As an intellectual exercise, using the big top to illustrate a parallel course between circus performers and the players of life’s grand and highly stylized stage – triumphs and tragedies blossoming in tandem within this show of shows, director, Max Ophüls’ Lola Montès (1955) takes dead aim on an uncommon beauty; alas, to rather deadening levels of hyperbole, wit and sophistication that, in the final analysis, and despite its uber-slick sheen and ultra-intercontinental charm, do not entirely add up to a satisfying entertainment. The indictment of ‘common’ celebrity as an unabashed promotion of one’s self, wed to an aberrant corruption by others, is well-placed and even more reverent to today’s pop-u-tainment saturated culture slavishly devoted to sin and scandals that continue to buoy careers, long ago to have quietly expired from a deplorable influx of crass commercialism and painfully pervading ennui.  Lola Montès is, in fact, the tale of a girl who gets around…a lot – her addlepated sexcapades used as festival fodder to fuel salacious gossip put forth by gawkers, squawkers and talkers.

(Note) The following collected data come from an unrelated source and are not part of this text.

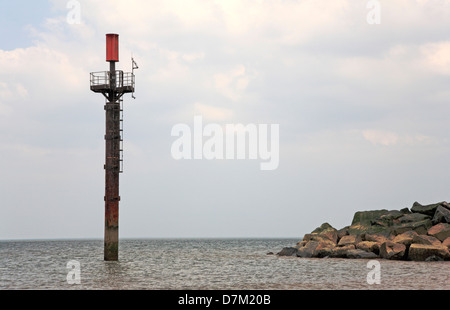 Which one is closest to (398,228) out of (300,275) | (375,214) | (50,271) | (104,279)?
(375,214)

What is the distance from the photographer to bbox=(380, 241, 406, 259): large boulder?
39.0 m

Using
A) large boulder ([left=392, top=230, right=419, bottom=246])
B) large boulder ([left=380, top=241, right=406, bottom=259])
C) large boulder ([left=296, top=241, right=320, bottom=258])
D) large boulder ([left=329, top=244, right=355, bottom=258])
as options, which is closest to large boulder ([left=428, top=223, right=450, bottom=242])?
large boulder ([left=392, top=230, right=419, bottom=246])

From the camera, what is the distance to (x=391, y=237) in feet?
136

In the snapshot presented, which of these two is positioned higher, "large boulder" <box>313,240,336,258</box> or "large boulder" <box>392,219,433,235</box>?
"large boulder" <box>392,219,433,235</box>

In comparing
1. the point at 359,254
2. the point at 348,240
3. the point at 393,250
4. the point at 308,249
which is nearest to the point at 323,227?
the point at 308,249

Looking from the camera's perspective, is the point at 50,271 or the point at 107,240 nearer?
the point at 107,240

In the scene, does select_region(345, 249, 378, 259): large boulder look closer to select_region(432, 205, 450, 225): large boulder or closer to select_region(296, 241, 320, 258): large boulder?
select_region(296, 241, 320, 258): large boulder

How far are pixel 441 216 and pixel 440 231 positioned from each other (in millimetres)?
2148

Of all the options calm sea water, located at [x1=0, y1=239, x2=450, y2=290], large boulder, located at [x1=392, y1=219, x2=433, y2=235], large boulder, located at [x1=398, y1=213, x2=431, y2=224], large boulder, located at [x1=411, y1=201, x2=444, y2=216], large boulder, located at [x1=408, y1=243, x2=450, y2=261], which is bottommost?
calm sea water, located at [x1=0, y1=239, x2=450, y2=290]

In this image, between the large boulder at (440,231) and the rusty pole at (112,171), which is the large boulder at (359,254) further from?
the rusty pole at (112,171)

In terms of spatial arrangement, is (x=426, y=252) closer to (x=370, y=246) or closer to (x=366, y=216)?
(x=370, y=246) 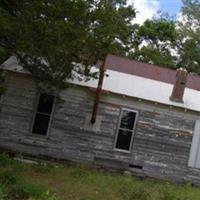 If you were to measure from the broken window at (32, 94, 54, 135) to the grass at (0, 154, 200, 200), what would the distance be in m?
1.93

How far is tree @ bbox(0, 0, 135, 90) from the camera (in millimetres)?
14172

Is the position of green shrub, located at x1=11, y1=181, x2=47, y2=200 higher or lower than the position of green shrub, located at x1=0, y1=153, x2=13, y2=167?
lower

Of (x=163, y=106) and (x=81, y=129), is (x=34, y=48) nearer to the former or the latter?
(x=81, y=129)

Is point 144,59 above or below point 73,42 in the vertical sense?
above

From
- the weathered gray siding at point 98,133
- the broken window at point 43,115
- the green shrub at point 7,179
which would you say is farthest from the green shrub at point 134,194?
the broken window at point 43,115

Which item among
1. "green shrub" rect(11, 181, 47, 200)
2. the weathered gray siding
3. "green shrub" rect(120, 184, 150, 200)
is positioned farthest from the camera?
the weathered gray siding

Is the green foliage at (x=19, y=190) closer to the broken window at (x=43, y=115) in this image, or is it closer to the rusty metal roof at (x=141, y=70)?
the broken window at (x=43, y=115)

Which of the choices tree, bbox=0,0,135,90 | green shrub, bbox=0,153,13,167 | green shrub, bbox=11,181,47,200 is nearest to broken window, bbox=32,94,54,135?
green shrub, bbox=0,153,13,167

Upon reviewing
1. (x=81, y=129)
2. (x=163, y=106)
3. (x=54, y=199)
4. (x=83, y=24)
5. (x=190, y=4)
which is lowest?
(x=54, y=199)

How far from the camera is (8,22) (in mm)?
14000

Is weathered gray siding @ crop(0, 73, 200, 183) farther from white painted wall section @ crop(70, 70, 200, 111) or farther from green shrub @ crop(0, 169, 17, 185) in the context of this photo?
green shrub @ crop(0, 169, 17, 185)

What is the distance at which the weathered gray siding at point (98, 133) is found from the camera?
67.8ft

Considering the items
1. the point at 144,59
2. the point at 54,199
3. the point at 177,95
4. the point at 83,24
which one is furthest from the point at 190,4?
the point at 54,199

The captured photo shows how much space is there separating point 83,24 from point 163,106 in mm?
7709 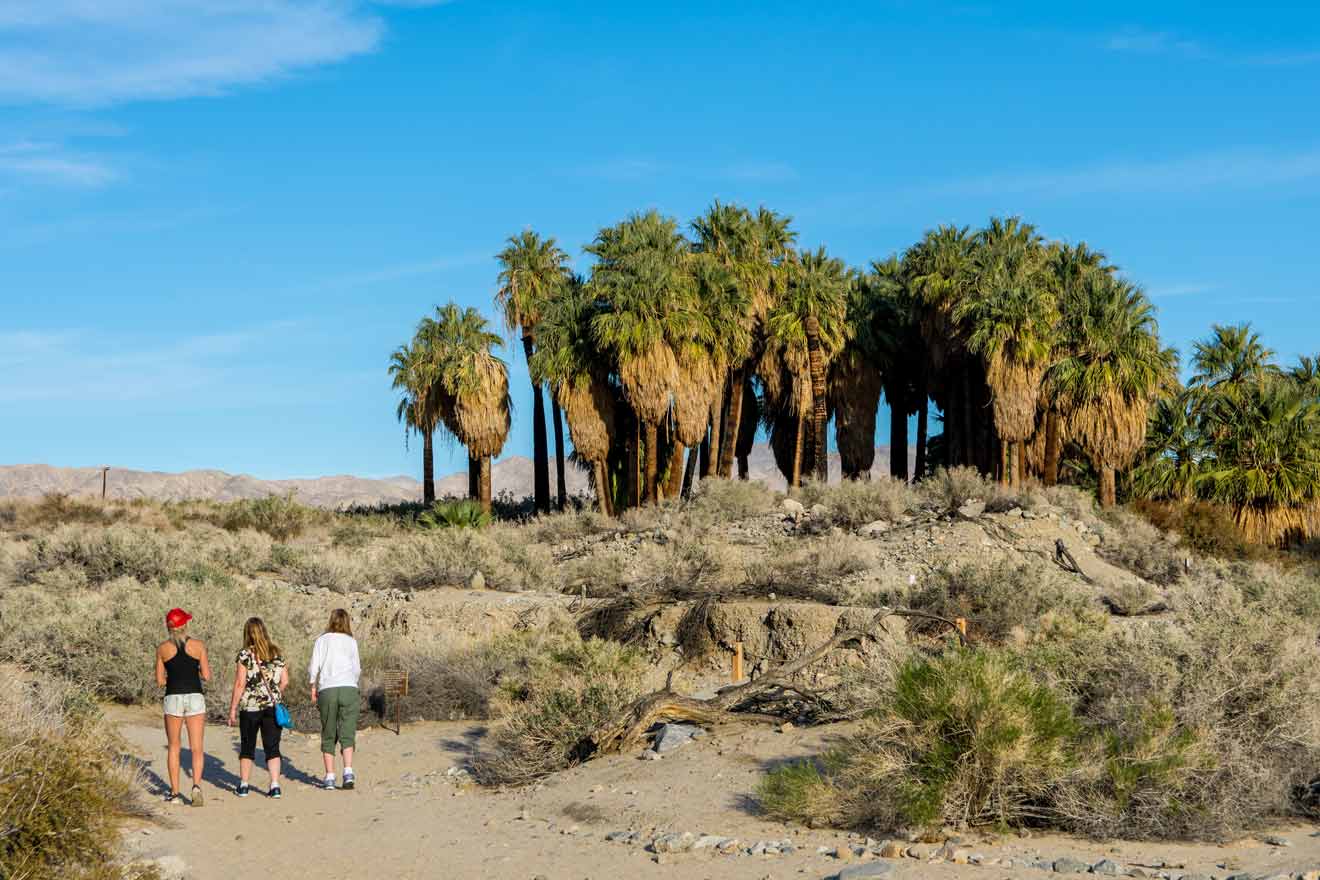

The real Lola Montez – born Maria Dolores Eliza Rosanna Gilbert, Countess of Landsfeld – a rather ‘plain Jane’, was hardly a little princess, and, in the end, died of pneumonia – emaciated by syphilis, age 39. But the one we get in this movie, reborn as the exquisitely handsome Martine Carol, is a tragic figure made to pay penitence for prior acts of hedonism, put on ‘display’ as a carnival freak. Lola’s sexual aberrations are of deep fascination to the cuffed and crinoline sect, sitting in judgment, jeering and leering from the stands. In the heartrending finale of this failed magnum opus the uncommonly sycophantic lovers who made Lola Montès what she is today are replaced by a never-ending line of wannabes, unable to do more than kiss her hands through the grate of a wooden parapet, designed to keep Europe’s most notorious woman a prisoner of her own image for the rest of her days.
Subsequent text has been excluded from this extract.